Created on 07 Aug. 2023

Assess the quality of the AI-generated content by voting

Score: 0

Why do we need votes?

Votes are used to determine whether we need to re-run our summarizing tools. If the count reaches -10, our tools can be restarted.

The previous summary was created more than a year ago and can be re-run (if necessary) by clicking on the Run button below.

The license of this specific paper does not allow us to build upon its content and the summarizing tools will be run using the paper metadata rather than the full article. However, it still does a good job, and you can also try our tools on papers with more open licenses.
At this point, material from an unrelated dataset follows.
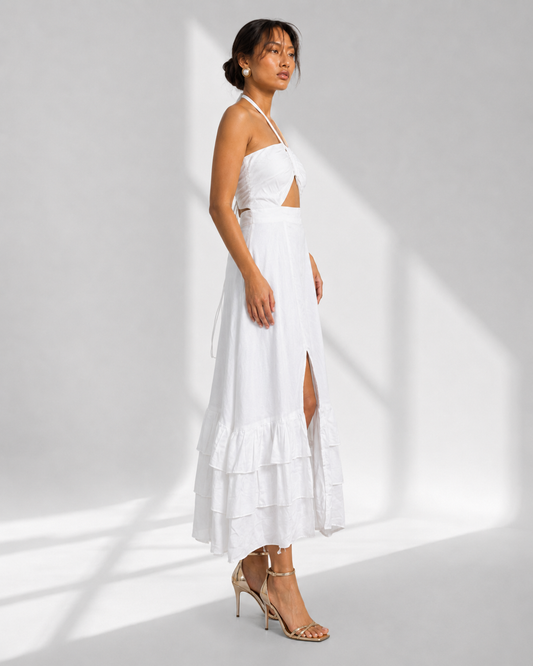 MAREVA white halter cutout maxi dress in profile with triple ruffle tiered hem.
Similar papers summarized with our AI tools

Navigate through even more similar papers through a

tree representation

Look for similar papers (in beta version)

By clicking on the button above, our algorithm will scan all papers in our database to find the closest based on the contents of the full papers and not just on metadata. Please note that it only works for papers that we have generated summaries for and you can rerun it from time to time to get a more accurate result while our database grows.

Disclaimer: The AI-based summarization tool and virtual assistant provided on this website may not always provide accurate and complete summaries or responses. We encourage you to carefully review and evaluate the generated content to ensure its quality and relevance to your needs.